GIVEN RECORDS below:

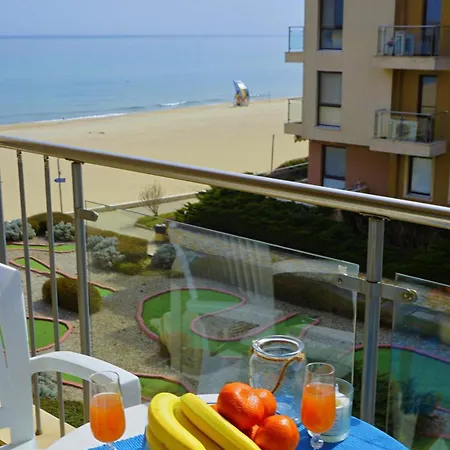 C - бийч с Obzor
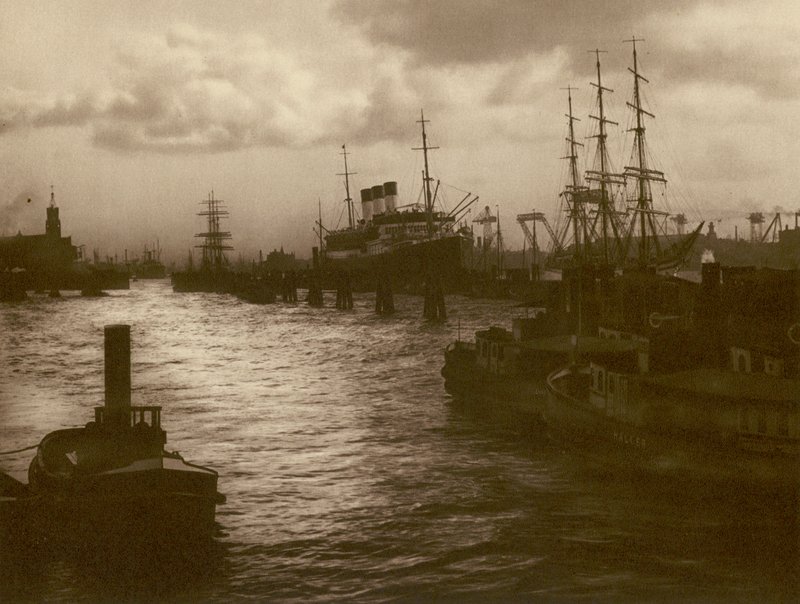 I havnen i Hamburg; Hamburg havn (s/hvitt bilde) av Kurt Hielscher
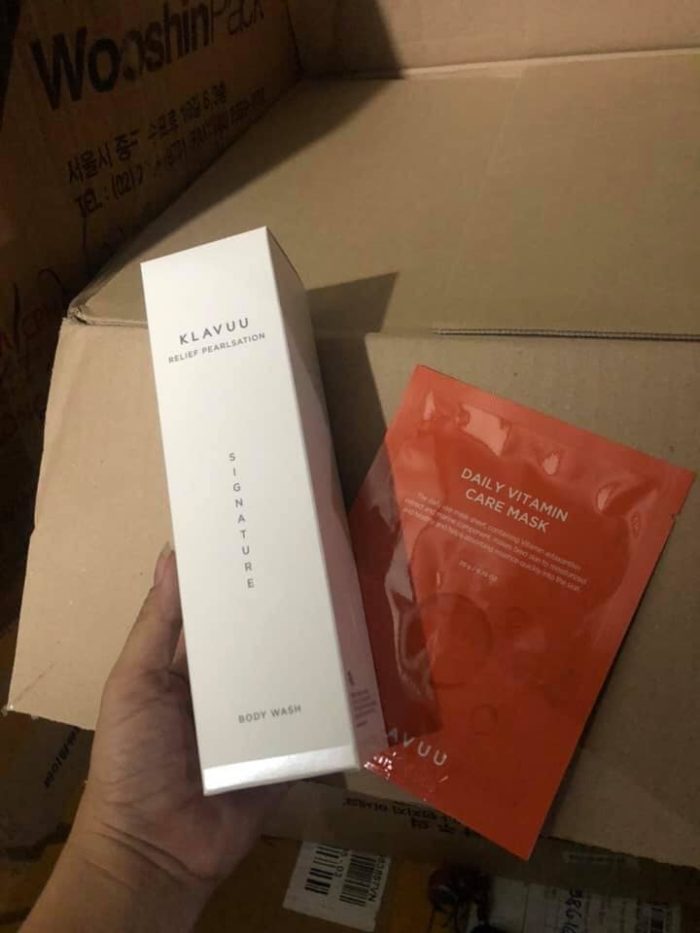 sua tam trang da Relief Pearlsation Signature Body Wash 10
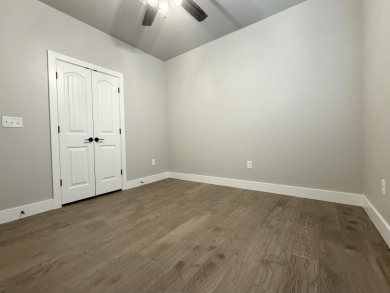This beautifully maintained one-owner home sits in a desirable on Pheasant Run in Oklahoma - for sale on GolfHomes.com, golf home, golf lot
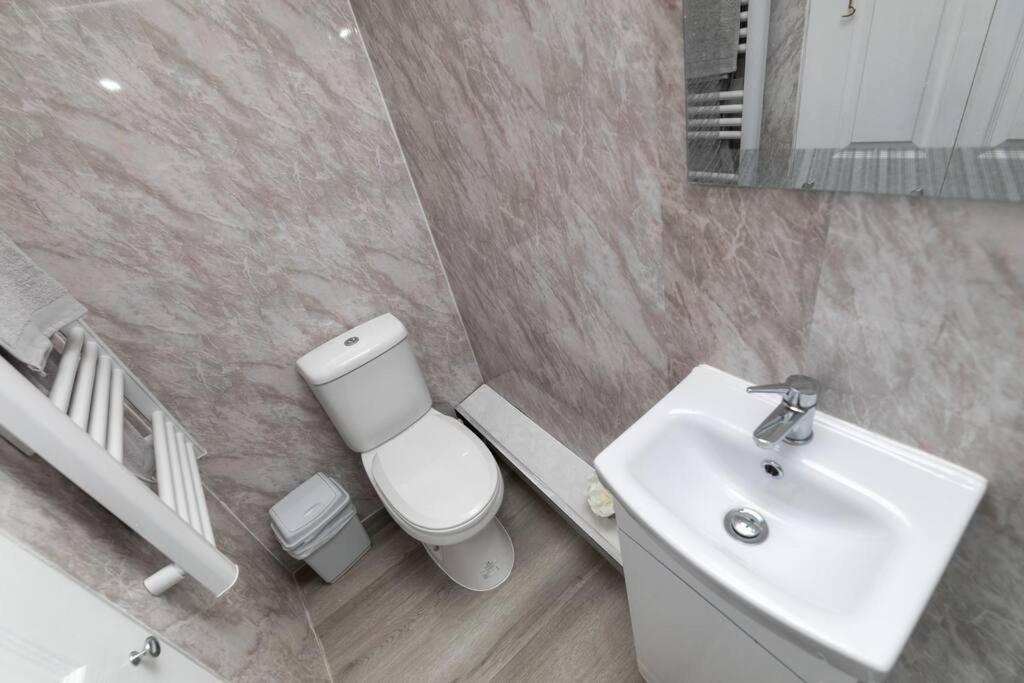 Luxury Living - Lovely 1 Bedroom Apartment Stockton-on-Tees Buitenkant foto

End of GIVEN RECORDS.

Every entry above is to be copied verbatim, with the pictures removed.

 C - бийч с Obzor
 I havnen i Hamburg; Hamburg havn (s/hvitt bilde) av Kurt Hielscher
 sua tam trang da Relief Pearlsation Signature Body Wash 10
This beautifully maintained one-owner home sits in a desirable on Pheasant Run in Oklahoma - for sale on GolfHomes.com, golf home, golf lot
 Luxury Living - Lovely 1 Bedroom Apartment Stockton-on-Tees Buitenkant foto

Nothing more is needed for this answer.